13 Nisan Salı, gayrimeşru rektör atamasına karşı başlattığımız direnişin yüzüncü günüydü. Kararlı ve uzun vadeli direnişimizin bu önemli dönüm noktasını, tüm Boğaziçi bileşenlerinin katılımıyla gerçekleştirilen renkli bir şenlik ortamında yaşadık. Mezunlarımızın ve misafirlerimizin kampüse girişlerine konulan engellere, öğrencilerimizin hazırladığı afişlere el konulmasına rağmen 100. gün etkinlikleri, Boğaziçi Üniversitesi’nin çoğulcu, özgürlükçü ve yaratıcı sosyal ortamının canlı bir ifadesi oldu. Gün boyunca öğretim üyesi ve öğrencilerin ortaklaşa gerçekleştirdiği atölyeler, performanslar ve konserlerle süren etkinlikler akşam yeryüzü iftarıyla son buldu.
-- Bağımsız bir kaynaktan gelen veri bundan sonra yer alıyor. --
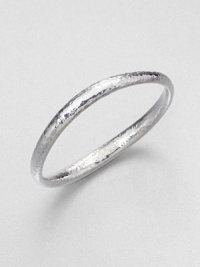 From the Glamazon Collection. Sleek sterling silver style with beautiful hammered texture and a wavy shape. Sterling silverDiameter, about 2.5Slip-on styleImported From the Glamazon Collection. Sleek sterling silver style with beautiful hammered texture and a wavy shape. Sterling silverDiameter, about 2.5Slip-on styleImported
Direnişimizin 100. günü tüm baskılara, yaşanan tüm zorluklara rağmen Boğaziçi’nin gülen yüzünün, barışçıl, yapıcı ve kapsayıcı atmosferinin tüm bileşenlerince korunduğunu, ümitle ve kararlılıkla da korunacağını gösterdi.
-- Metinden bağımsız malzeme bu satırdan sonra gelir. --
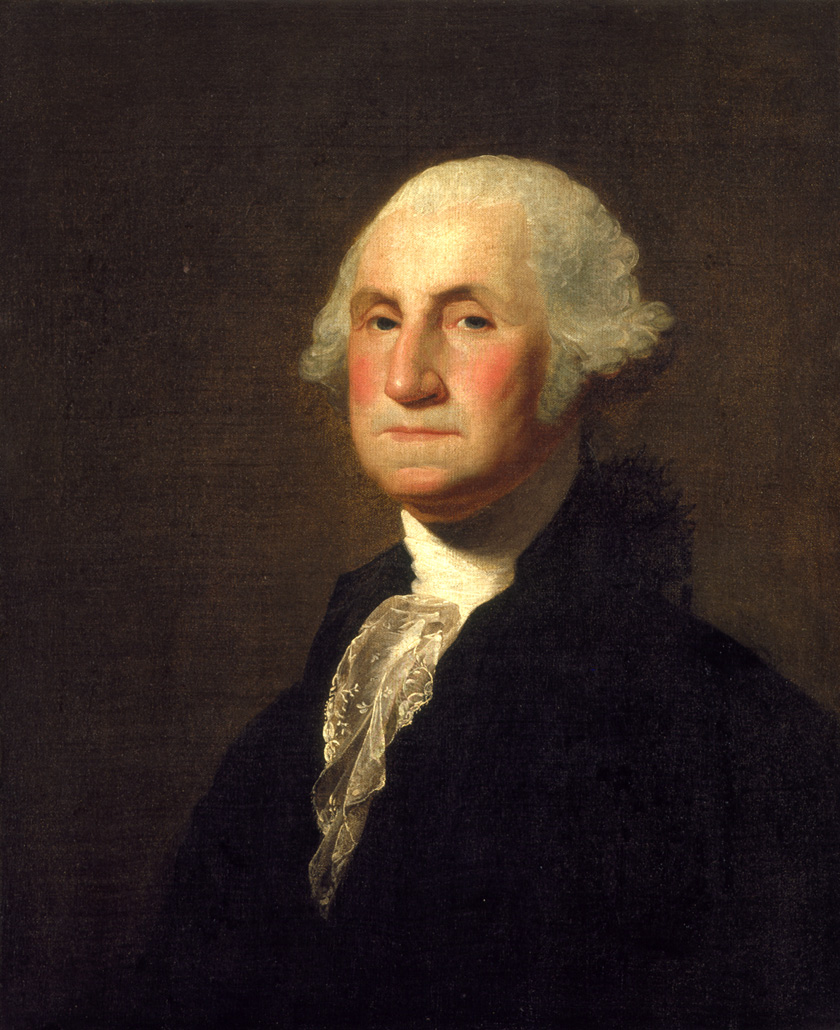 Square-jawed, white curly haired George Washington in a black jacket over a lacy white ruffle shirt.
Bizler kampüsümüzün canlı ve çoğulcu sosyal ortamını korurken atanmış rektörlüğün yıkmaya çalıştığı katılımcı yönetim kültürümüzü ve pratiklerimizi de yaşatmaya devam ediyoruz. Atanmış yönetim tarafından askıya alınmış olan Fen Bilimleri Enstitüsü seçimleri geçen hafta öğretim üyelerinin özgür inisiyatifiyle gerçekleştirildi. Öğretim üyelerimiz kendilerine dayatılan ve iradelerini çiğneyen, kurumumuzun oturmuş teamül ve demokratik geleneklerine ters düşen yönetici belirleme modelini kabul etmediler. Yıllardır etkin bir şekilde uygulanagelen ve senatomuz tarafından kuralları tanınmış olan seçim sürecini işleterek, Sosyal Bilimler Enstitüsü örneğinde olduğu gibi, Fen Bilimleri Enstitüsü’nde de yeni müdürü belirlediler. Atanmış yönetimin üniversitemizin kurumsal bütünlüğüne ve gerçekleşmiş olan meşru seçim sürecinin sonuçlarına saygı duymasını bekliyoruz. Fen Bilimleri Enstitüsü’ne bağlı tüm bölüm mensuplarının özgür iradesiyle ve oy çoğunluğuyla seçilmiş olan Prof. Naz Zeynep Atay’ın enstitü müdürlüğüne atanmasını talep ediyoruz.
Bu bülteni kaleme almadan birkaç saat önce ise Yabancı Diller Yüksek Okulu (YADYOK) müdürü olarak Aysun Balkan'ın atandığını öğrendik. YADYOK hocaları ile hiçbir istişareye gerek görülmeden yapılan bu atama, bölümlere bildirilmesine rağmen YADYOK hocalarına hâlen resmen duyurulmadı. Okulumuzun temelini oluşturan YADYOK ve hocaları meselenin birincil muhataplarıdır. Onların iradelerine yapılan bu haksız müdahaleyi kınıyoruz.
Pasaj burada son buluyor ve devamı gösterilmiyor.